WASHINGTON, February 5 – President Barack Obama launched a new bid to tame Wall Street excess, clamping a half million dollar salary cap on executives of stricken finance firms who plead for taxpayer bailouts.,
Striking a populist note, the president warned he could not tolerate huge "bad taste" bonuses paid out to fat cat corporate bosses and big spending on luxuries, while job losses and economic woes stalk ordinary Americans.
The president also promised the Treasury would next week unveil a new strategy designed to free up frozen credit markets, in an effort to ignite lending and consumption as the worst economic crisis since the 1930s bites.
"What gets people upset — and rightfully so — are executives being rewarded for failure, especially when those rewards are subsidized by US taxpayers," Obama said at the White House.
"For top executives to award themselves these kinds of compensation packages in the midst of this economic crisis is not only in bad taste — it\’s a bad strategy and I will not tolerate it as president."
Under the new rules, bosses of companies benefiting from various kinds of Treasury support would be paid no more than 500,000 dollars a year, Obama said.
Any other compensation would be in restricted stock that will not vest until taxpayers are reimbursed.
Additionally, all banks must submit to tougher restrictions on "golden parachute" payoffs and new transparency rules on corporate jets, office renovations and entertainment and holiday parties.
"We\’re putting a stop to these kinds of massive severance packages we\’ve all read about with disgust — we\’re taking the air out of golden parachutes," Obama said with Treasury Secretary Timothy Geithner at his side.
Shareholders meanwhile will be offered more input into how much top company executives are paid.
The measures were announced as Obama tried to regain his balance after his fledgling administration was hit by the withdrawals of two high-profile nominees for top government jobs Tuesday over tax problems.
They also follow a string of press reports about executives who accepted bloated corporate compensation, spent millions renovating offices and abused corporate aviation services as Americans stagger through the economic crisis.
The measures will require affected companies to publicize large expenditures in an effort to shame them into halting such extravagance.
"When you are putting forth the kind of luxury items completely inappropriate for the circumstances we\’re under, you know, million-dollar offices, 45-million (dollar) jets, you have to disclose that and you have to put that out for the public," said an Obama administration official.
There was some dismay at some of the new measures on Wall Street.
Douglas McIntyre at the financial website 24/7 Wall Street said the limits could make it difficult for troubled banks to retain their top executives.
"Wall Street may keep most of its bankers if they face pay cuts, but it is the top five or 10 percent who make these companies really profitable, and they will soon be on their way to greener pastures if this measure is enacted," McIntyre said.

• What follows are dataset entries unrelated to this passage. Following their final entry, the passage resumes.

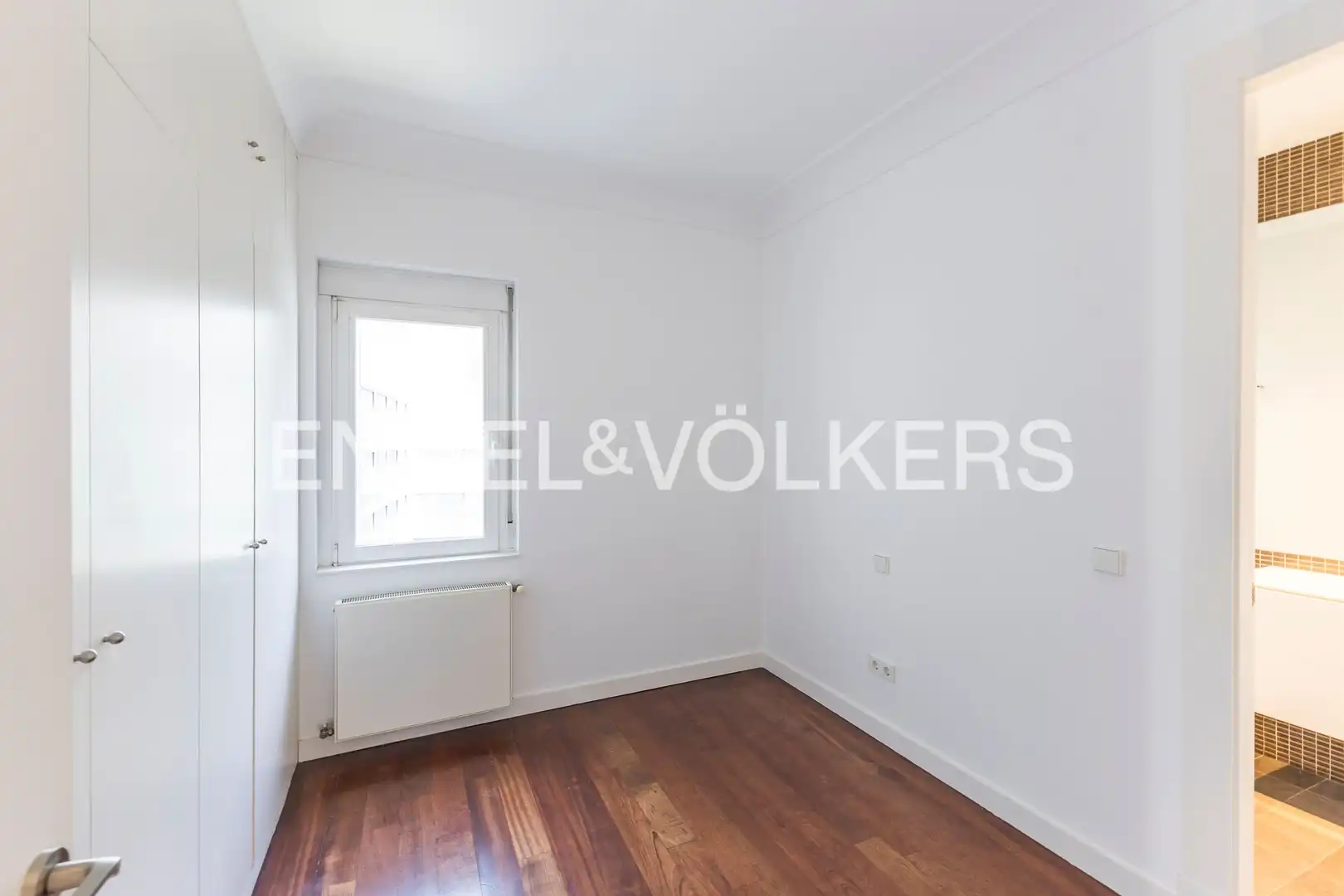Dormitori de Àtic de lloguer en Madrid amb Aire condicionat, Calefacció i Parquet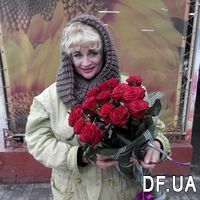 15 scarlet roses - Photo 3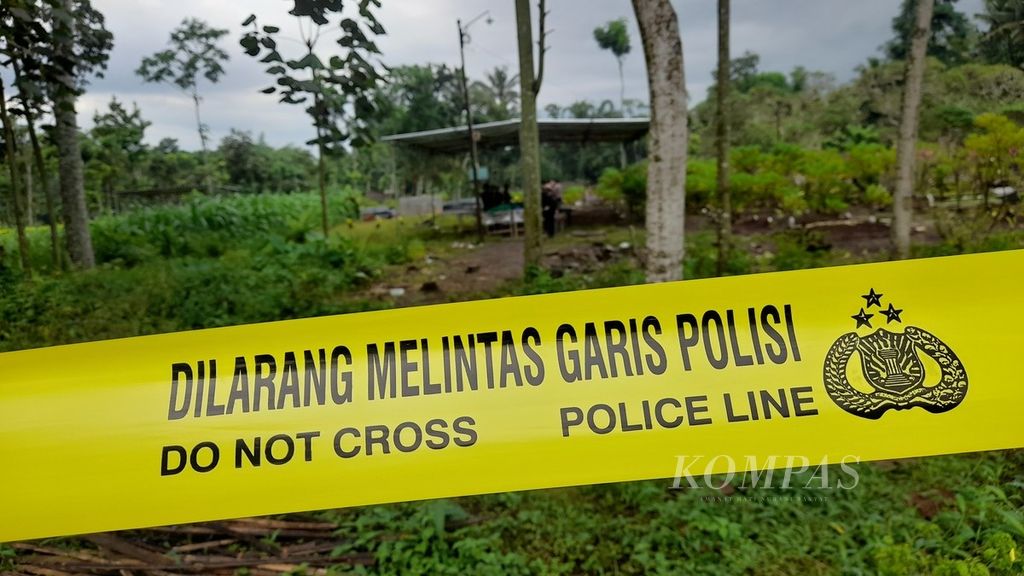 Garis polisi dibentangkan mengelilingi makam yang menjadi lokasi ekshumasi korban Tragedi Kanjuruhan di Desa Sukolilo, Kecamatan Wajak, Kabupaten Malang, Jawa Timur, Jumat (4/11/2022). 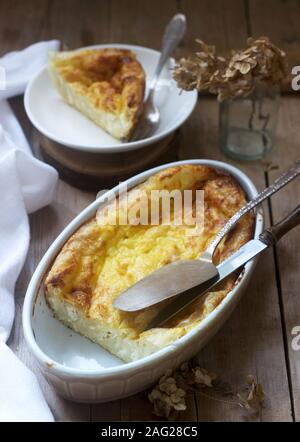 Banitsa, un tradizionale bulgaro o Balkan filo torta di pasta ripiene di formaggio feta, sour latte e uova. Stile rustico. Foto Stock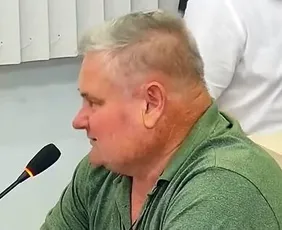 Imagem ilustrativa da imagem Vereador em SC defende matar cachorros soltos na rua: ‘Fazer um servicinho’; veja vídeo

US Chamber of Commerce spokesman Tom Quaadman meanwhile agreed there should be accountability for taxpayer dollars but said no measures should be taken that harm the vitality of big firms.
"There is intense competition for talent, and if draconian rules are put into place that talent will go elsewhere, and that will deprive companies of experienced executives at the precise moment they need them," he said.
Democratic senator Chris Dodd meanwhile said he would try to amend the 700-billion-dollar finance industry bailout to legally enforce executive compensation to all firms which take the money.
"There is absolutely no reason why hard-working American taxpayers should be financing, directly or indirectly, excessive compensation for corporate executives whose decisions, in many cases, have crippled their firms and weakened the broader economy," Dodd said.
The president also promised a new sheaf of measures designed to spark economic activity as the economy suffers from thousands of job losses and lagging consumption.